Odaya girdi. Elleri arkasında bağlı odayı inceledi. “Bunlar mı oyuncakların?” dedi. “Evet, buradaki oyuncaklarla istediğin gibi oynayabiliriz.” dedim. Biraz daha inceledi. Silahlardan birini eline alıp inceledi. Silahın namlusuyla tüm odayı taradı. Oyuncak bebeklerin olduğu evcilik köşesinde bir bebeğin üzerinde tuttu biraz sonra hızlı bir hareketle döndü ve tetiği çekti. “Tak, öldün şimdi…” Oturduğum yerde kollarım, kafam yana düştü. Gördüğü görüntü ve gücü onu korkutmuş olacak ki. “Yok, şaka bu. Bak bir şey yapmıyor ki…” diyerek silaha kendine doğrulttu ve bir el de kendine ateş etti. “O kadar güçlü olmak seni korkuttu.” dedim. Kafasını salladı ama cevap vermedi.

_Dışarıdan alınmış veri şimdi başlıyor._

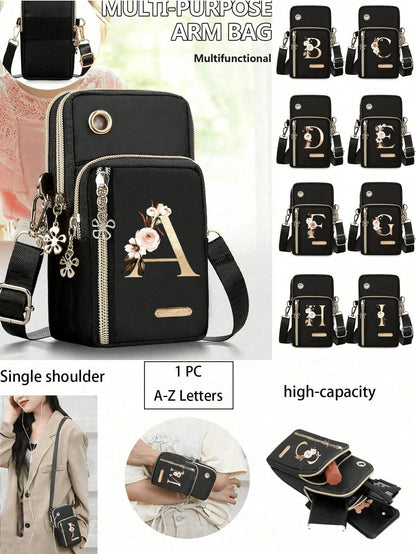 Minimalist Letter Design Mini Crossbody Bag With Phone Pocket And Wallet, Suitable For Casual Daily Use, Water-Resistant Crossbody/Shoulder/Messenger Bag, Square Bag, Ideal For Vacation, College Life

Tüm psikoterapi seanslarında ama özellikle oyun seanslarında Bion’un Tereddütlü Düşünceler kitabında ele aldığı “düşüneni olmayan düşünceler” kavramını düşünürüm. Danışan düşüneni olmayan düşüncelerini terapiye getirdikçe terapistin onları tutma kapasitesi doğrultusunda bu düşünceler duyulur düşünülür olur.
Çocuğun kazanmak istediği gücü elde edince de bu gücünden korkması ve bu kontrolsüz gücün ona verdiği zararı anlattığı bu oyunda şimdiye kadar ev içinde yaşadığı korkular düşülünür oldu. Kendi gücünden ölen çocuk, sınırlayanı olmayan çocuk, anne babasının güçsüzlüğünden öyle korkan ve kendi gücüyle onlara yeni sınırlar koymuş sonra da bu sınırlarda kaybolmuş çocuk… Hepsi artık oyuna gelebilir, düşünülebilinir.